I think this will come naturally. Once Logseq has a nice search hierarchy, people will want to filter the view as well.
I think it is absolutely worth it. I am fighting the massively lacking Zotero system of tags and saved searches every single day. I am at the point where it is often easier for me to find items on Google Scholar than in my Zotero database.
Logseq will only make this 10x worse. A researcher might add 5 Zotero items a day, 1000 per year; in Logseq, it is easy to add 50 blocks in the same amount of time. So we are talking about 10k blocks per year of research. Over the course of a PhD, we are talking about tens of thousands of blocks, over a career hundreds of thousands. Especially as there might be tools that automatically feed into the Zotero database, such as RSS-feeds and the like.
I completely agree. The main reason I am looking at Logseq is that Zotero just doesn’t cut it anymore to organize the information I’ve collected.
The benefit of these hierarchies is that they are so lightweight that ignoring them or adding new hierarchies is very little effort. This is not like a folder structure, which is fixed and can only be resorted with a massive effort. Here the hierarchies are a type of overlay on the existing structure, so despite the large power, it doesn’t complicate anything for users who chose not to rely on hierarchies.
So 1. is GUI representation, 2. is internal relationship between tags, 3. is different hierarchy views (?) and 4. is search on 1 and 4?
For the feature requests, we need to find the right balance between abstract terms and concrete examples.
While virtually everyone has used faceted search, e.g. on Amazon, only few people are familiar with the term, and abstract nonsense gets pushback.
We also need a good, concrete, example. Maybe something from literature.

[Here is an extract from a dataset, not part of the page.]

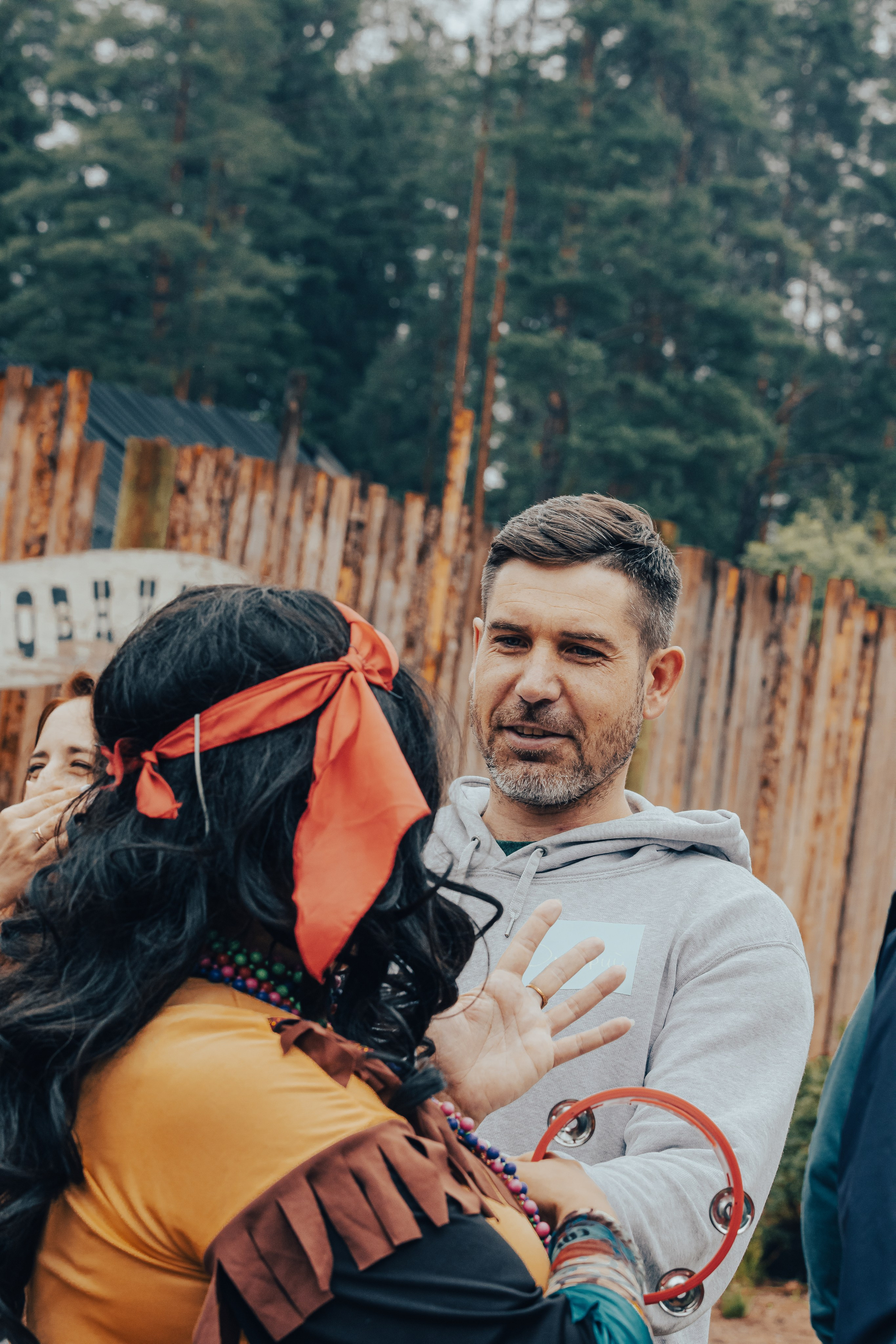 КОРПОРАТИВ ЛЕТНИЙ. Главная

A book about World War 2 could be classified by
/Books/LastName/FirstName/Title
/Literature/Non-fiction/…
/History/20thCentury/WW2/…
/Military/Conflicts/WW2/…
/Places/Europe/…
/Technology/Weapons/…
Any of the Library classification schemes: Dewey, UDC, LCC, Bliss, …

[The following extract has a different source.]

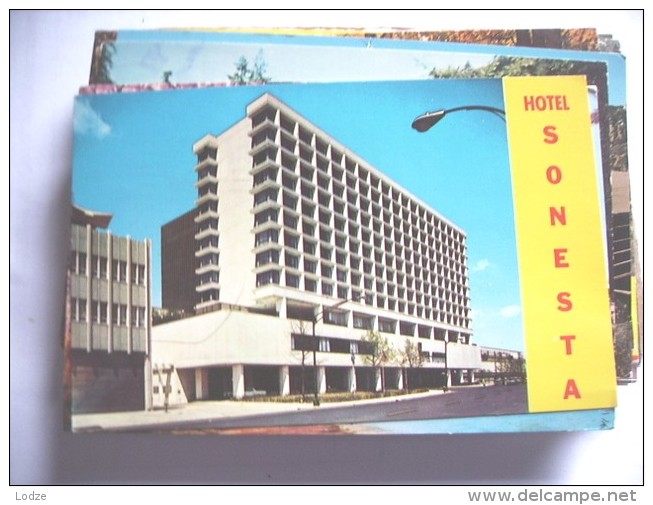 America USA CT Hartford Hotel Sonesta - Hartford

These are available from library catalogs and a plugin can tag book items automatically
wouldn’t it be great to be able to browse our own libraries by these schemes?
…
All of which are completely reasonable and useful for finding the item.
We also need to explain why tagging is not sufficient, as in this case our item would need a large number of tags, forgetting to tag the item would make it irretrievable, and tags by themselves to not give the hierarchical search we need.